Mining and the shape of Chile
When looking at a Chilean map one notices that it resembles a long narrow strip of land squeezed between the Pacific Ocean and the high Andes. Looking a little to the southern part, though one immediately wonders why Chile has this little eastern bulge in Patagonia, entailing all of the Strait of Magellan. Well there might be many theories out there, but I believe the ultimate strategic reason why most of Southern Patagonia belongs to Chile is only one – mining.
In itself Southern Patagonia might have very little resources aside from sheep farming and some alluvial gold that was mined in the late 1800s. However, it sits at the intersection of the Atlantic and Pacific Ocean and this makes it a very important location to be in control of. The political and business leaders of young Chile quickly realized that it is crucial to have unhindered access to its European markets, especially for its saltpetre and copper ore products. After all, it was a significant saltpetre producer and ever bigger copper producer, representing 44% of world production by 1869. The latter ore however had to be initially smelted in the UK. Hence, the reliance on the Magellan Straight was paramount and therefore it needed to be secured.
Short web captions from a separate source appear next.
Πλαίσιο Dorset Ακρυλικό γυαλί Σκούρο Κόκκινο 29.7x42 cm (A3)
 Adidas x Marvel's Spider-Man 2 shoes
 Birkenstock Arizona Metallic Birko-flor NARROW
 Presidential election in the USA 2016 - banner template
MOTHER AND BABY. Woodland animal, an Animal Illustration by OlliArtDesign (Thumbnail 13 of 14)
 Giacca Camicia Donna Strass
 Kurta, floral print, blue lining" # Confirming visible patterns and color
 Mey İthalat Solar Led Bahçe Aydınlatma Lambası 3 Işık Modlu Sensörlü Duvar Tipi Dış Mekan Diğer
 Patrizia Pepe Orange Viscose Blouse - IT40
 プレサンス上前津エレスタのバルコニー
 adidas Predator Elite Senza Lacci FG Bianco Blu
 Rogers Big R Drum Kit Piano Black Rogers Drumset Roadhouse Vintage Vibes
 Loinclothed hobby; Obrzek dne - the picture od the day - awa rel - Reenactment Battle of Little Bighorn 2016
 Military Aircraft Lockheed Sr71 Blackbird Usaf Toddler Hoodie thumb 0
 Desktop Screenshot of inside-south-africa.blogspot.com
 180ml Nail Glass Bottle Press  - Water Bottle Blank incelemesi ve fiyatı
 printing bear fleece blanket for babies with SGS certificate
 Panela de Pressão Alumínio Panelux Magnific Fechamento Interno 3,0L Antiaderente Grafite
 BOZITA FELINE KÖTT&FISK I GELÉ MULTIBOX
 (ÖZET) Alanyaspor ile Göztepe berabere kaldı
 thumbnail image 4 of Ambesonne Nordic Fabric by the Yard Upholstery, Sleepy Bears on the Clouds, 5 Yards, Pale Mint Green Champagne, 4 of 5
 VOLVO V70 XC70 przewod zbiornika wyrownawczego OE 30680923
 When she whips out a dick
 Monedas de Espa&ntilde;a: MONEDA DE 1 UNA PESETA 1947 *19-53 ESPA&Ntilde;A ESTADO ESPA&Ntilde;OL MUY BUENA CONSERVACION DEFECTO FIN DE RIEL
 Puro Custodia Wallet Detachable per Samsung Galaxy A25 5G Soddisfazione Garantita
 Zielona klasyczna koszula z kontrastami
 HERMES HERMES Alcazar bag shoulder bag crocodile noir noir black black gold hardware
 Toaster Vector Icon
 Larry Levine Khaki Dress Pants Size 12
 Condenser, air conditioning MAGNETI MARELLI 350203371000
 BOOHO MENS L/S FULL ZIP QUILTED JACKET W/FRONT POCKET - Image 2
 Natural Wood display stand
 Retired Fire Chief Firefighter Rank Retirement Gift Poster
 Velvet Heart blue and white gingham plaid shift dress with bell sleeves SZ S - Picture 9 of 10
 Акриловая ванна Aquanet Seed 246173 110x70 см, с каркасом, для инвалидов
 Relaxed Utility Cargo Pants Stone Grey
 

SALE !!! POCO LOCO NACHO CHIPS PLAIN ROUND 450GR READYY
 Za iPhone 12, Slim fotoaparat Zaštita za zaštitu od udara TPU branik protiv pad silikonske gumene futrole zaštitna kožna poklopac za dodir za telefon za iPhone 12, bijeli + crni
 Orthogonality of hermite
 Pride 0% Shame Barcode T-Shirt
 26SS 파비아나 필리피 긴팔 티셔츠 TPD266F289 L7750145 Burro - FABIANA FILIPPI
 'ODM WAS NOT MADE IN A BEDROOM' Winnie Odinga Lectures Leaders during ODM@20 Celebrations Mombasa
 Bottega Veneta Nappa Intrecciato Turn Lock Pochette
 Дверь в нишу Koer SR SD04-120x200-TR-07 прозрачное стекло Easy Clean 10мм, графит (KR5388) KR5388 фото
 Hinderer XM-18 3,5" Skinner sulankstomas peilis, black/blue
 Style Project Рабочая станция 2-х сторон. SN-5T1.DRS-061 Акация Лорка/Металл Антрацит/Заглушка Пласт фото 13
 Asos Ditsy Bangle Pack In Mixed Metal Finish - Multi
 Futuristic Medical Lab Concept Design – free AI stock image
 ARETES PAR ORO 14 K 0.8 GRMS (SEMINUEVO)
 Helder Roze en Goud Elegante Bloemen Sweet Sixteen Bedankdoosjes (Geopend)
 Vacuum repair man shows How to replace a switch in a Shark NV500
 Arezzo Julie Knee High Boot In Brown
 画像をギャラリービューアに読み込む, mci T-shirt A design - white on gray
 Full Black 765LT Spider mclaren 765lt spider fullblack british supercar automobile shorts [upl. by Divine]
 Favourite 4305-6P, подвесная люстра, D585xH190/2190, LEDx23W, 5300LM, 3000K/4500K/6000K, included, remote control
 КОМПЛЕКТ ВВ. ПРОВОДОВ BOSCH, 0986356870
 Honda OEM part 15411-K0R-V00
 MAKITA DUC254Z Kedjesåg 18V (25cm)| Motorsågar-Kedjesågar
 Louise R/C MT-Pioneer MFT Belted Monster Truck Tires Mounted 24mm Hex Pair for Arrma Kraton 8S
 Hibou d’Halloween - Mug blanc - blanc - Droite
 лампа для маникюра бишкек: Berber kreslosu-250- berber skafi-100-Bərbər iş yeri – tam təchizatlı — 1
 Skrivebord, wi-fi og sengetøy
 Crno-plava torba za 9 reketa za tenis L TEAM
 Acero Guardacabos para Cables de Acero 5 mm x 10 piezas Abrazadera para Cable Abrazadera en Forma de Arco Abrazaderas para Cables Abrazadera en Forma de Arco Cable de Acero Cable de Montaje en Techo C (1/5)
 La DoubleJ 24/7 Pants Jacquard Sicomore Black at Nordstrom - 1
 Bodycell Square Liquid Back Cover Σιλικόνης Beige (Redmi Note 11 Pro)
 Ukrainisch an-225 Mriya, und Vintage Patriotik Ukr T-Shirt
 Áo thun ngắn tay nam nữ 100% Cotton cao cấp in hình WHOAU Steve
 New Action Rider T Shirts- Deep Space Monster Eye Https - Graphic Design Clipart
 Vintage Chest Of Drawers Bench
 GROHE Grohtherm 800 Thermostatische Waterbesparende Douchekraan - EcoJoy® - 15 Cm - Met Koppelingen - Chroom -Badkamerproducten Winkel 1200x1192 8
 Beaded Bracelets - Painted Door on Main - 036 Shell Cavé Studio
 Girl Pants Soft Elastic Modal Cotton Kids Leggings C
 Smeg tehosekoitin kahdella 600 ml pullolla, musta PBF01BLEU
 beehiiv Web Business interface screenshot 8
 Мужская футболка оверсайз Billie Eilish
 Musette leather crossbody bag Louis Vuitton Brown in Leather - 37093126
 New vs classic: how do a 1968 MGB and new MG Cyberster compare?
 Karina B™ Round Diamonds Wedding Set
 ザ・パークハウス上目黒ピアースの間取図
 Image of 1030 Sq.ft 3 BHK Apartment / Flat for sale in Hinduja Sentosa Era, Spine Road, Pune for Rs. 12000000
After a first attempt in establishing Fuerte Bulnes in 1843, Chile got a more permanent hold on the area with the foundation of Puerto Arenas on December 18th 1848. The latter location won over the former for its close-by coal deposits. Back then coal became crucial to refuel steam powered sea vessels that started to replace sailing ships. Coal concessions were handed out in 1869 and quickly thereafter a rail link between mine and port was established. At the same time gold was discovered in its coal creek. This drove further development and immigration, but only the establishment of the sheep industry transformed Patagonia, with Punta Arenas as its most important hub. The discovery of alluvial gold on Tierra del Fuega in the early 1880s brought in plenty more immigrants, especially Croatians. This changed the appearance of Punta Arenas from a frontier town to a city that got characterized by numerous European style houses.
While the gold rush did not last long, coal was increasingly mined for export to Argentina. With the opening of the Panama canal in 1914, the strategic shipping location of Patagonia experienced a major blow. It diverted lots of marine traffic away from the Strait of Magellan and therewith away from Punta Arenas. The coal that was mined at Loreto mine close to Punta Arenas was also eventually mined out in 1940. However, that did not mean that there was no coal left in the area. The coal mines Pecket and more recently Invierno continue the coal mining tradition that help to cover Chiles electric power needs. Its economic haydays of the early 1900s are definitely over, but Chile has a persistent strategic interest in securing the area and developing its infrastructure. The establishment of Puerto Williams as a Chilean naval outpost in 1953 and the current program to give it road access are testament to it.
So coming back to the question of why Chile is not restricted to the western part of the Andes with Argentina holding the rest, it all comes back to where export markets for its mining products were in the 1800s – and that was Europe. Access to the Strait of Magellan and thereby to the Atlantic Ocean was paramount. Chile pressed ahead to incorporate Southern Patagonia into its nation to secure the shipping lanes for its mining products. Mining shaped the world once again!